First, the query opens a <bibliography> element in the output. The embedded path expression then loads the XML document describing the contents of the library (library.xml) and begins the search. For each <book> element it finds, where the publisher was Addison-Wesley and the publication year was after 1991, it creates a new <book> element in the output as a child of the open <bibliography> element. Each new <book> element gets the book's title as its contents and the book's publication year as an attribute. Finally, the <bibliography> element is closed.

The advantages of using QtXmlPatterns and XQuery in your Qt programs are summarized as follows:

  • Ease of development: All the C++ programming required to perform data query tasks can be replaced by a simple XQuery like the example above.
  • Comprehensive functionality: The expression syntax and rich set of functions and operators provided by XQuery are sufficient for performing any data searching, selecting, and sorting tasks.
  • Conformance to standards: Conformance to all applicable XML and XQuery standards ensures that QtXmlPatterns can always process XML documents generated by other conformant applications, and that XML documents created with QtXmlPatterns can be processed by other conformant applications.
  • Maximal flexibility The QtXmlPatterns module can be used to query XML data and non-XML data that can be modeled to look like XML.
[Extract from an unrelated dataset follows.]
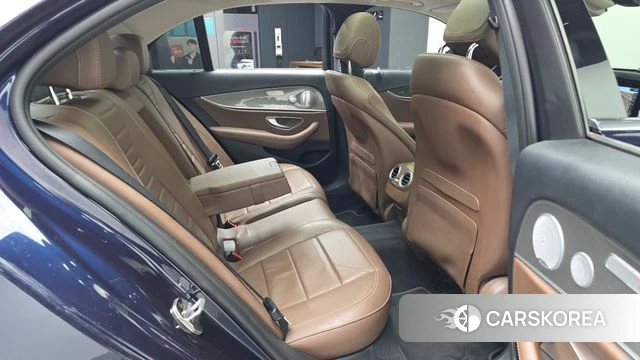 Mercedes-Benz E-Class W213 id 3813846 из Кореи 3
Using the QtXmlPatterns module

There are two ways QtXmlPatterns can be used to evaluate queries. You can run the query engine in your Qt application using the QtXmlPatterns C++ API, or you can run the query engine from the command line using Qt's xmlpatterns command line utility.

Running the query engine from your Qt application

If we save the example XQuery shown above in a text file (e.g. myquery.xq), we can run it from a Qt application using a standard QtXmlPatterns code sequence:

     QFile xq("myquery.xq");

     QXmlQuery query;
     query.setQuery(&xq, QUrl::fromLocalFile(xq.fileName()));

     QXmlSerializer serializer(query, myOutputDevice);
     query.evaluateTo(&serializer);

First construct a QFile for the text file containing the XQuery (myquery.xq). Then create an instance of QXmlQuery and call its setQuery() function to load and parse the XQuery file. Then create an XML serializer to output the query's result set as unformatted XML. Finally, call the evaluateTo() function to evaluate the query and serialize the results as XML.
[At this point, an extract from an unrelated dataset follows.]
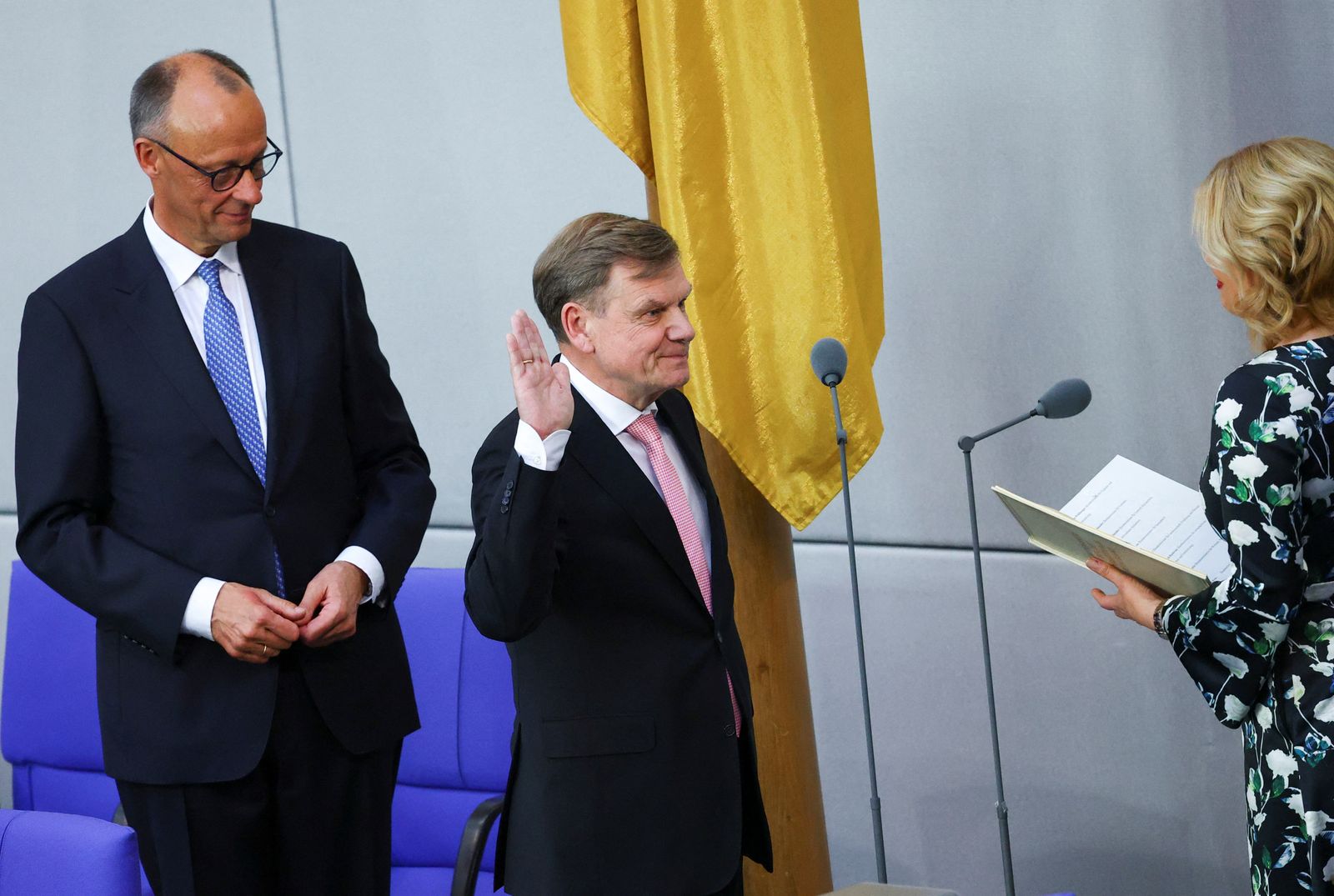 Johann Wadephul is sworn in by German Parliament President Julia Kloeckner as the German Foreign Minister, next to the new German Chancellor Friedrich Merz, at the German lower house of parliament Bundestag, in Berlin, Germany May 6, 2025. REUTERS/Lisi Niesner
Note: If you compile Qt yourself, the QtXmlPatterns module will not be built if exceptions are disabled, or if you compile Qt with a compiler that doesn't support member templates, e.g., MSVC 6.

See the QXmlQuery documentation for more information about the QtXmlPatterns C++ API.

Running the query engine from the command line utility

xmlpatterns is a command line utility for running XQueries. It expects the name of a file containing the XQuery text.

 xmlpatterns myQuery.xq

The XQuery in myQuery.xq will be evaluated and its output written to stdout. Pass the -help switch to get the list of input flags and their meanings.

xmlpatterns can be used in scripting. However, the descriptions and messages it outputs were not meant to be parsed and may be changed in future releases of Qt.

The XQuery Data Model

XQuery represents data items as atomic values or nodes. An atomic value is a value in the domain of one of the built-in datatypes defined in Part 2 of the W3C XML Schema. A node is normally an XML element or attribute, but when non-XML data is modeled to look like XML, a node can also represent a non-XML data items.

When you run an XQuery using the C++ API in a Qt application, you will often want to bind program variables to $variables in the XQuery. After the query is evaluated, you will want to interpret the sequence of data items in the result set.

Binding program variables to XQuery variables

When you want to run a parameterized XQuery from your Qt application, you will need to bind variables in your program to $name variables in your XQuery.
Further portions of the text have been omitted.